# Cruze hatchback, or Trax? (long)



## UpstateNYBill (Jan 14, 2012)

The time is almost up on my 2012 Cruze. I get reimbursed through my job for using my personal vehicle for work. This basically amounts to a free car, but there are catches to the "deal". First, the car must have a minimum sticker price of appox. $18,500. I can get a more expensive car if I want, but that is basically money out of my pocket. Second, the vehicle must be no more than a certain number of years old. I can choose a plan of anywhere from 4 to 7 years, which is based on the model year. As I have been driving about 40k per year, I chose a 5 year plan last time, as that equals about 200,000 miles. Above that amount of miles, I run a higher risk of expensive repairs such as transmission and engine. The longer the term, the less I get in reimbursement per month, in incremental amounts.

I get GM supplier pricing through work. My current Cruze sedan is getting a hair bit cramped for work purposes. The trunk, back seat, and even the front passenger seat are full of boxes of parts for work. I have to remove items from the trunk multiple times a day to get to other items in the trunk. A hatchback style replacement vehicle would be much more convenient.

So the choices come down to these, along with the reasons why.

*2017 Cruze hatchback.*

Pros: 

GAS mileage! Better fuel economy means more money in my pocket.

No more bad PCV valve covers and associated intake manifold check valve issues.

Cons:

Low ground clearance. I drive in bad weather, and snow storms are a factor. I have further to travel to get home with my new territory this year, and I would like to be able to make it home at the end of the day. However, I can call into work and take a vacation day anytime I don't feel that it is safe to drive.

New design, and potential new car problems (such as start/stop feature). The engine bay is cramped, and would be more difficult to service for a shade tree "weekend mechanic" such as myself.

Price. MSRP is higher on the 2017's. I need (want) cruise control, as I spend a lot of time on the highway, so a lower trim (LS) is really not an option I would lean towards.

*2016 FWD Trax.*

Pros:

Higher ground clearance in winter time driving. I'm a "dedicated" employee, and hate taking days off if there's work to do and I'm not already scheduled off. My customers are important to me. Again, I would like to be able to make it home at the end of the day.

Price. I can get a good deal on a leftover marked down Trax with the LT trim level, even after GM supplier pricing. Since I have basically lost a whole year of reimbursement through work, I can change the plan at work to 6 years (2016-2022) and still end up at about 200,000 miles after the 5 years that's left. Reimbursement would be slightly lower, but not a deal breaker.

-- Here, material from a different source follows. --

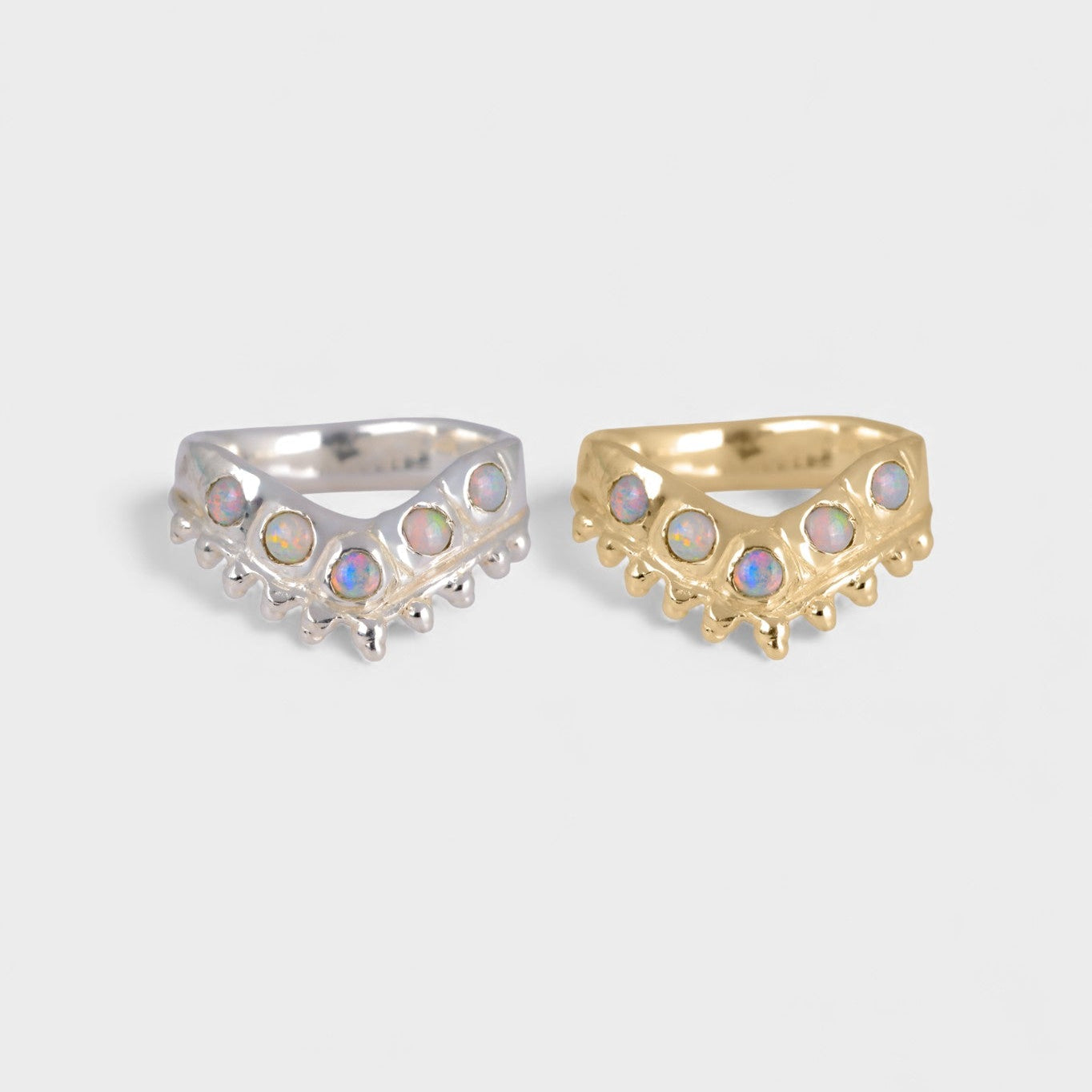 Two rings, one silver and one gold, with gemstone accents on a light gray background.
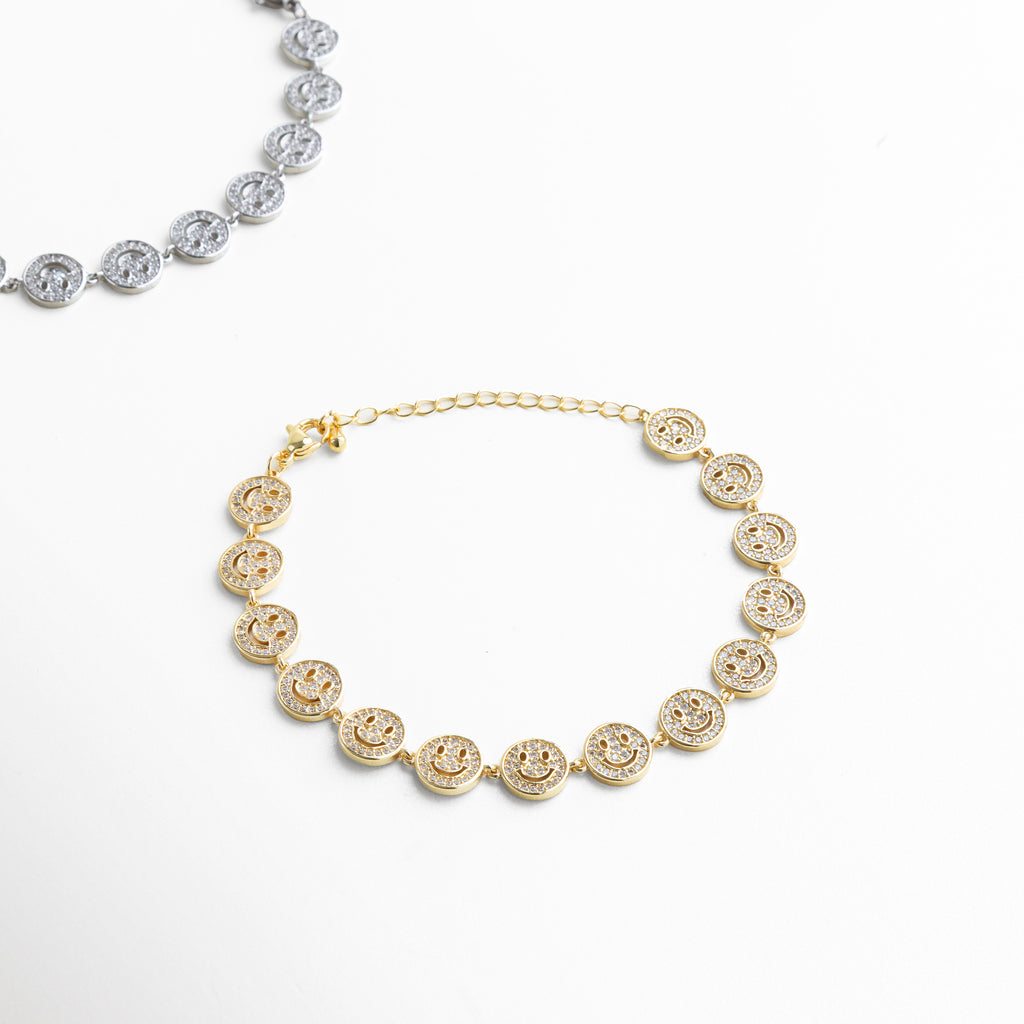 Primer plano del dije de carita sonriente con zirconias, Detalle de incrustaciones brillantes en el dije dorado, Textura y acabado enchapado en oro 18K, Contorno circular del dije con piedras facetadas, Diseño pulido y simétrico del dije sonriente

Known (and reliable overall, imho) engine. PCV valve cover is easy to replace, and probably everything else compared to a 2017 Cruze. My 2012 Cruze with this engine has NEVER broken down and left me stranded in 191,000 miles.

Cons:

Worse gas mileage. This is the big one. Money in my pocket is king. Considering I put 5 to 6 thousand dollars worth of gas in my car per year, it adds up.

Dated styling.

*2017 FWD Trax.*

Pros:

Again, higher ground clearance in winter time driving.

Updated styling. (The 2016 Trax's are meh.)

Again, known engine. Same as with the 2016.

Cons:

Again, worse gas mileage.

Higher 2017 price, same as with the 2017 Cruze.

*Final Comments:

*Unknown to me is what transmission is in the FWD Trax. Is it the same Aisin transmission as in the Cruze (with just minor differences due to being in the Trax? Does anyone know? 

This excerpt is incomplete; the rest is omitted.